EXERCISE GOAL ::
Set down each line of the material that follows exactly, and leave its pictures out.

MATERIAL FOR THE TASK ::

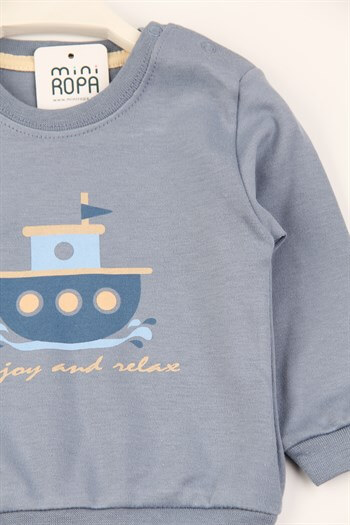 Gemi Baskılı Mavi Pamuklu İkili Erkek Bebek Takımı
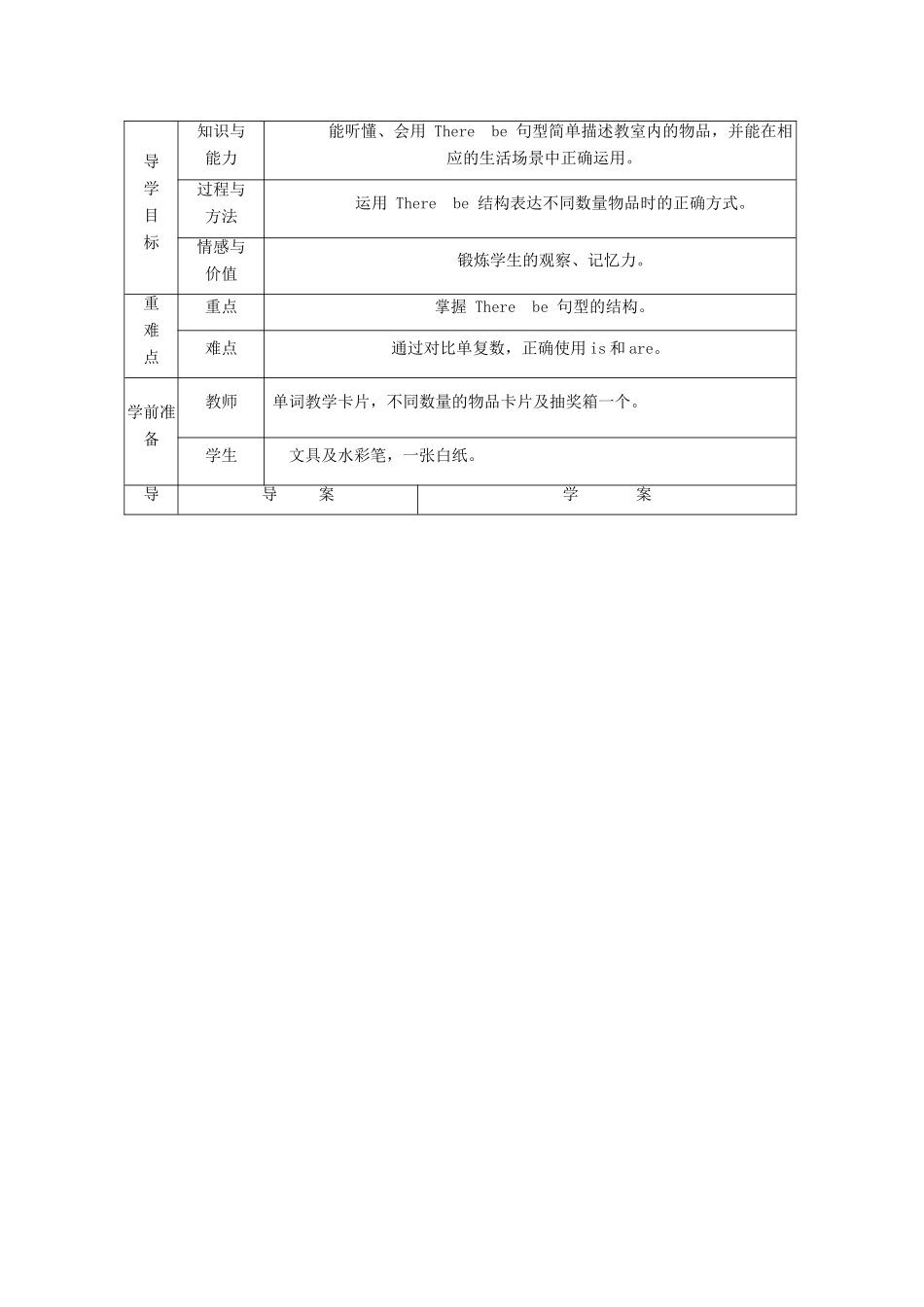 三年级英语下册 Unit 7 There Is a TV in the Classroom（第二课时）导学案 陕旅版-陕旅版小学三年级下册英语学案_第2页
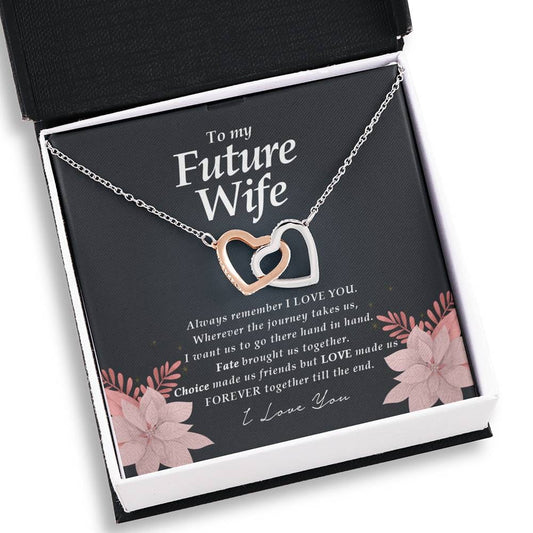 Future Wife Gift, Interlocking Heart Necklace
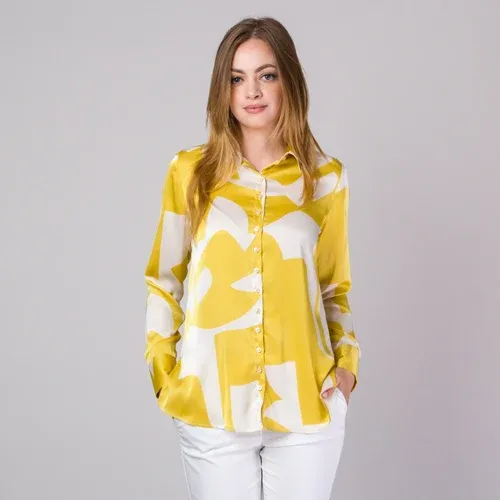 Willsoor Camisa de mujer con patrón geométrico amarillo y blanco 14310 (8172734)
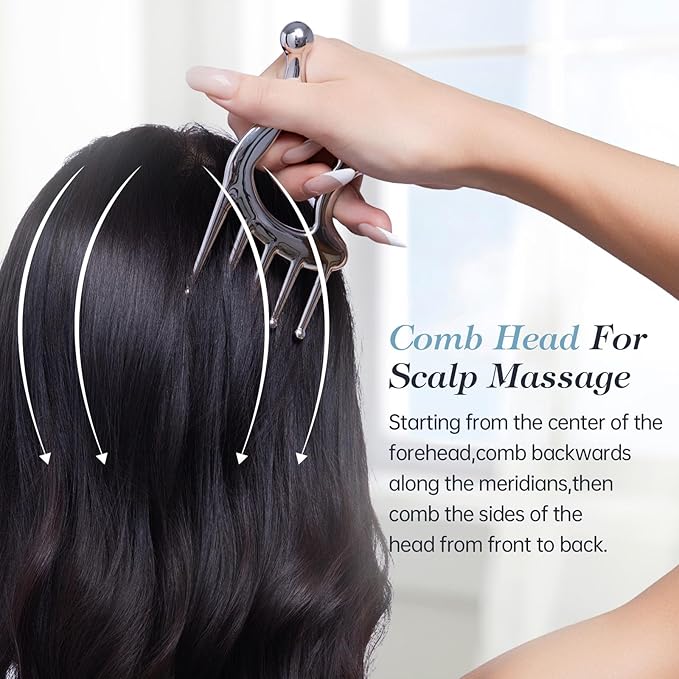 Gua Sha Tool with Handle,5in1 Scalp Massage Tool for Head&Face&Body, Protable Scalp Comb Guasha Tool for Deep Relaxation and Relieving Fatigue & Pain, Acupressure and Trigger Point Tool for SPA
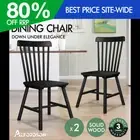 ALFORDSON 2x Dining Chairs Kitchen Lounge Cafe Retro Solid Wood Modern Black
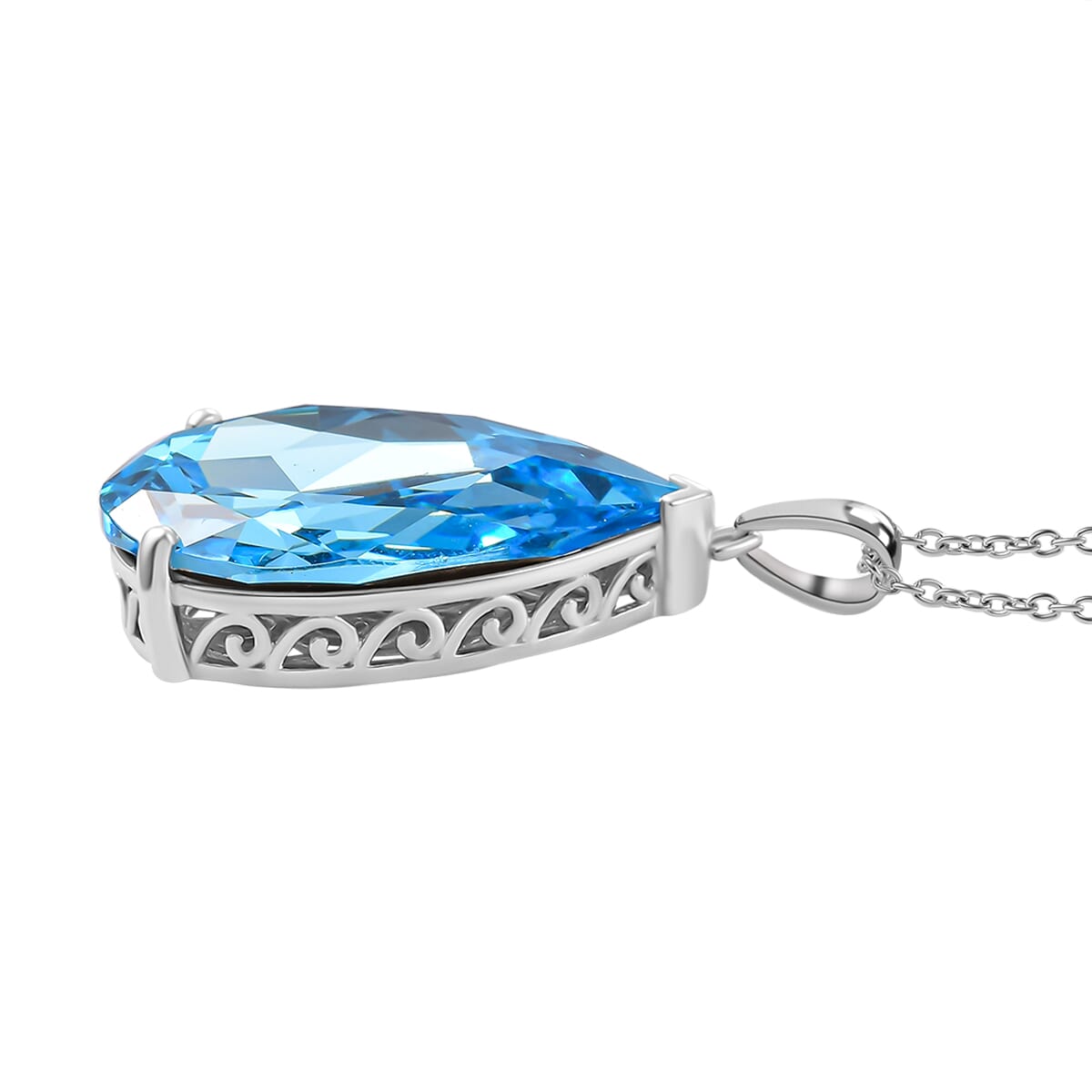 J Francis Embellished with Aquamarine Color Crystal by Swarovski Pendant Necklace in Rhodium Over Sterling Silver 20 Inches image number 3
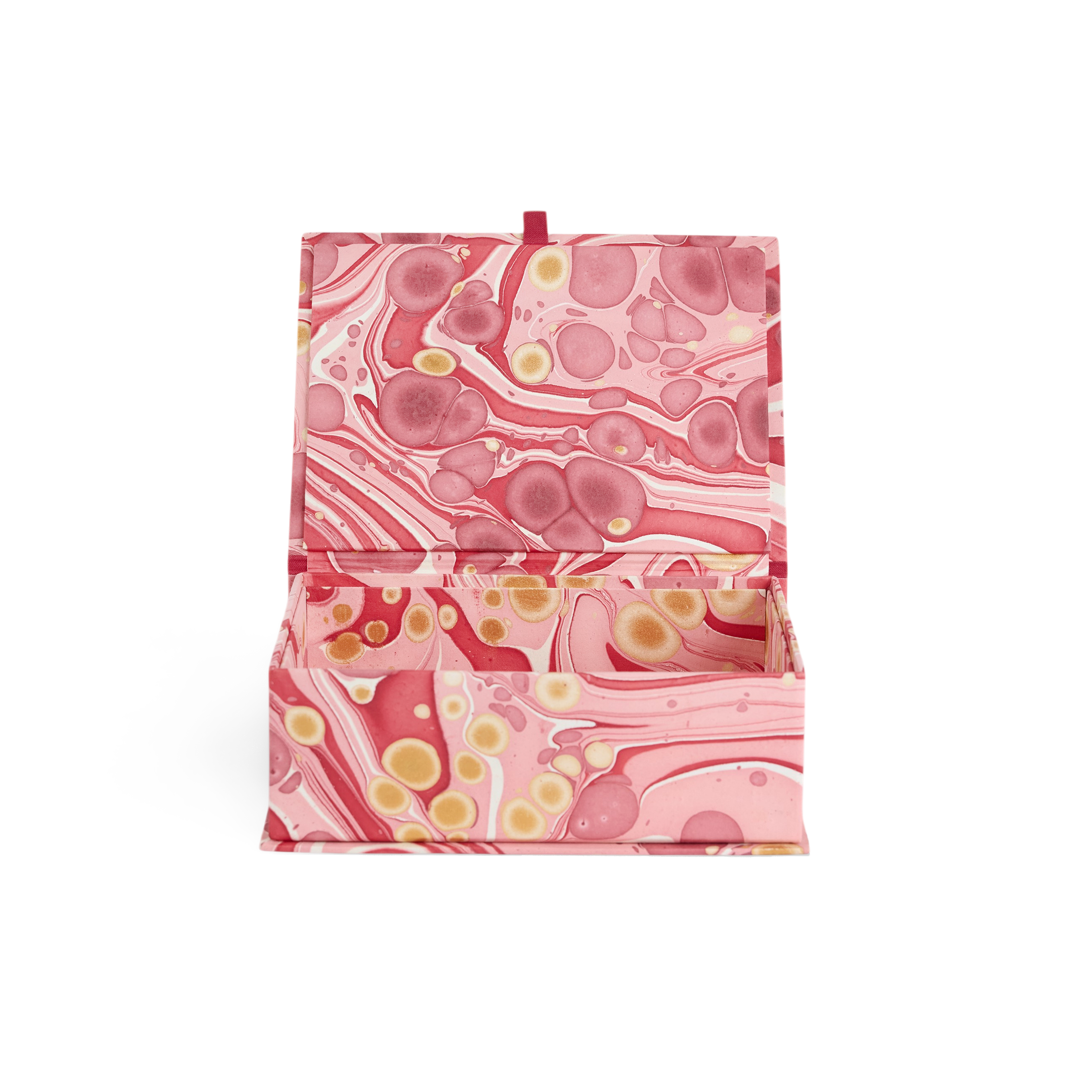 Garnet Red Pebble – Hand Marbled Keepsake Box (9.5" x 7" x 3.5" | 100% Recycled Cotton Paper)
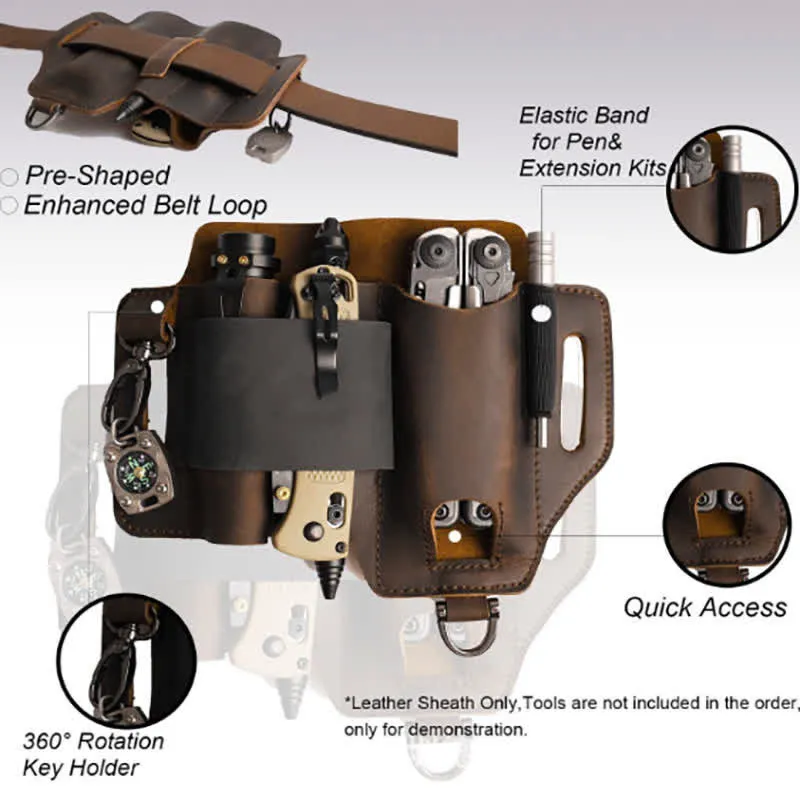EDC Tool Storage Holster Folding Knife Flashlight Leather Belt Bag sold by FloralTrip product image thumbnail 3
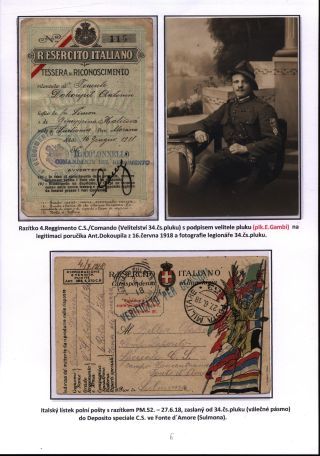 CZECHOSLOVAK LEGIONS IN ITALY – sheet 6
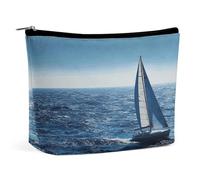 LPSADGF Neceser para mujer, diseño de velero azul, capacidad portátil, bolsa de maquillaje de viaje con cremallera, organizador de maquillaje ligero y bonito para viajes, accesorios, artículos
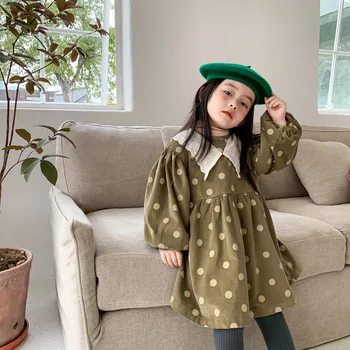 

baby clothes girls new 2020 autumn winters thick velvet dress lace collar princess dresses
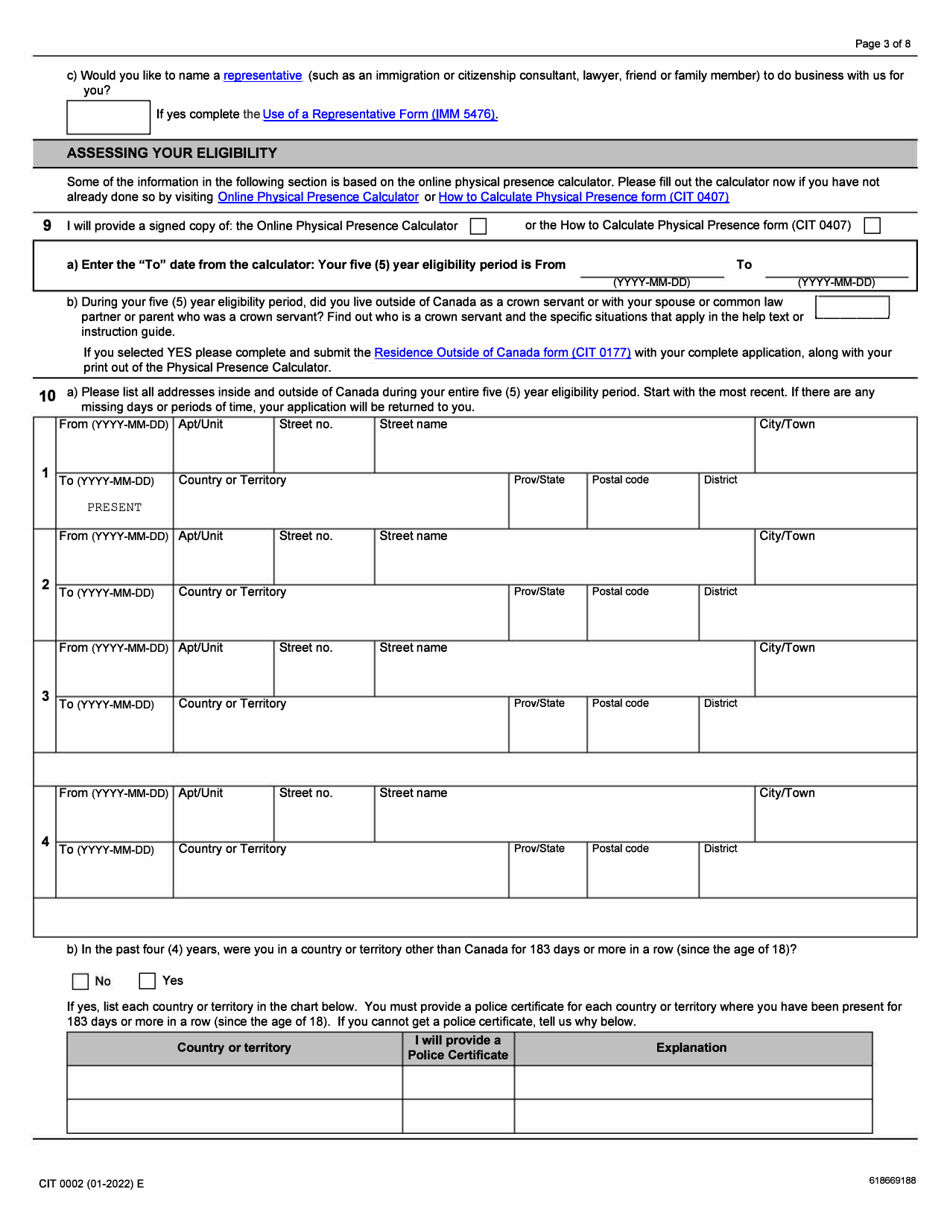 Form CIT0002 Application for Canadian Citizenship Adults (18 Years of Age or Older) Applying Under Subsection 5(1) - Canada, Page 3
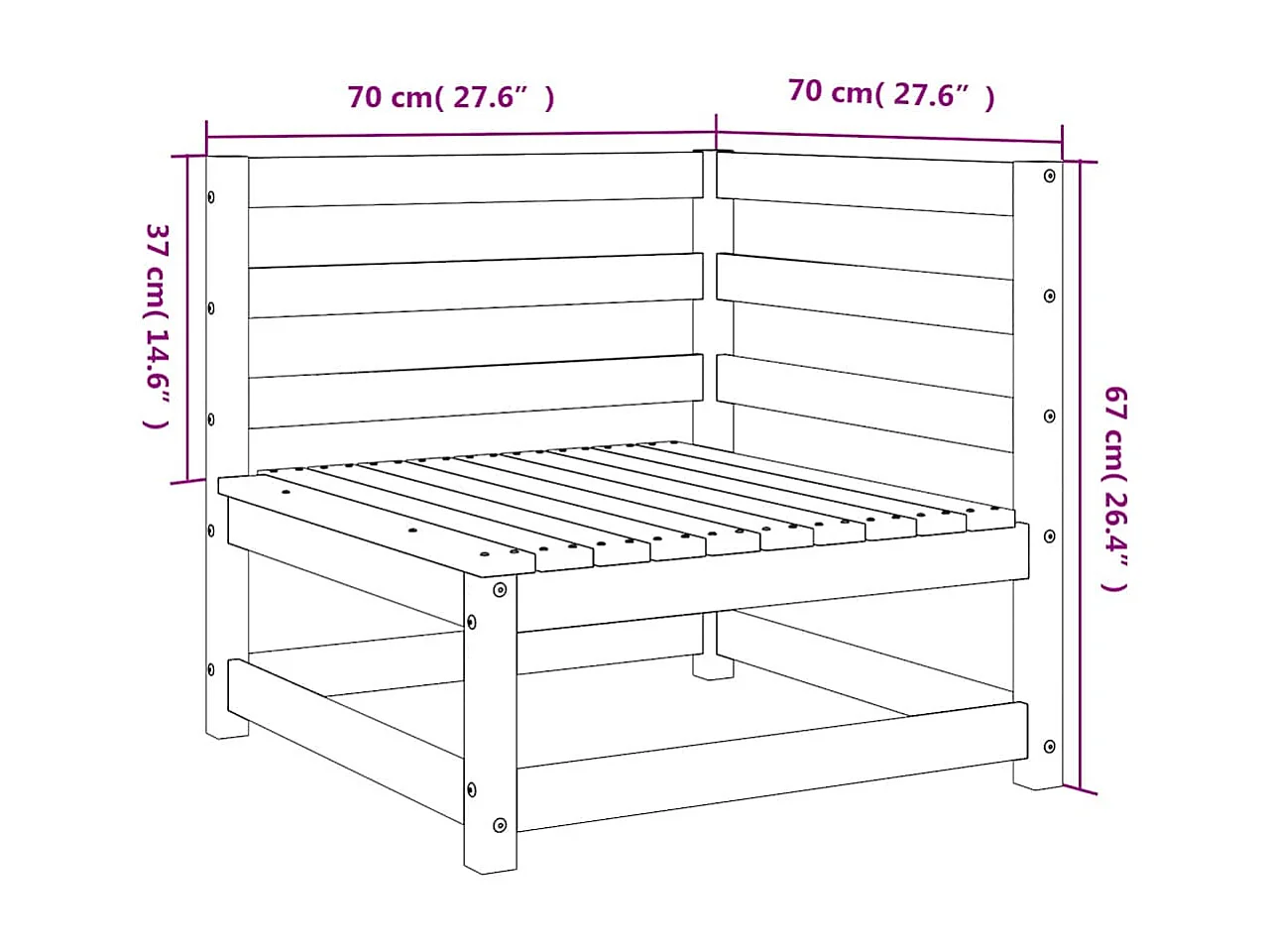 Canapés d'angle de jardin 2 pcs 70x70x67cm bois de pin imprégné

REPLY ::
 Gemi Baskılı Mavi Pamuklu İkili Erkek Bebek Takımı
 三年级英语下册 Unit 7 There Is a TV in the Classroom（第二课时）导学案 陕旅版-陕旅版小学三年级下册英语学案_第2页
 Future Wife Gift, Interlocking Heart Necklace
 Willsoor Camisa de mujer con patrón geométrico amarillo y blanco 14310 (8172734)
 Gua Sha Tool with Handle,5in1 Scalp Massage Tool for Head&Face&Body, Protable Scalp Comb Guasha Tool for Deep Relaxation and Relieving Fatigue & Pain, Acupressure and Trigger Point Tool for SPA
 ALFORDSON 2x Dining Chairs Kitchen Lounge Cafe Retro Solid Wood Modern Black
 J Francis Embellished with Aquamarine Color Crystal by Swarovski Pendant Necklace in Rhodium Over Sterling Silver 20 Inches image number 3
 Garnet Red Pebble – Hand Marbled Keepsake Box (9.5" x 7" x 3.5" | 100% Recycled Cotton Paper)
EDC Tool Storage Holster Folding Knife Flashlight Leather Belt Bag sold by FloralTrip product image thumbnail 3
 CZECHOSLOVAK LEGIONS IN ITALY – sheet 6
 LPSADGF Neceser para mujer, diseño de velero azul, capacidad portátil, bolsa de maquillaje de viaje con cremallera, organizador de maquillaje ligero y bonito para viajes, accesorios, artículos

baby clothes girls new 2020 autumn winters thick velvet dress lace collar princess dresses
 Form CIT0002 Application for Canadian Citizenship Adults (18 Years of Age or Older) Applying Under Subsection 5(1) - Canada, Page 3
 Canapés d'angle de jardin 2 pcs 70x70x67cm bois de pin imprégné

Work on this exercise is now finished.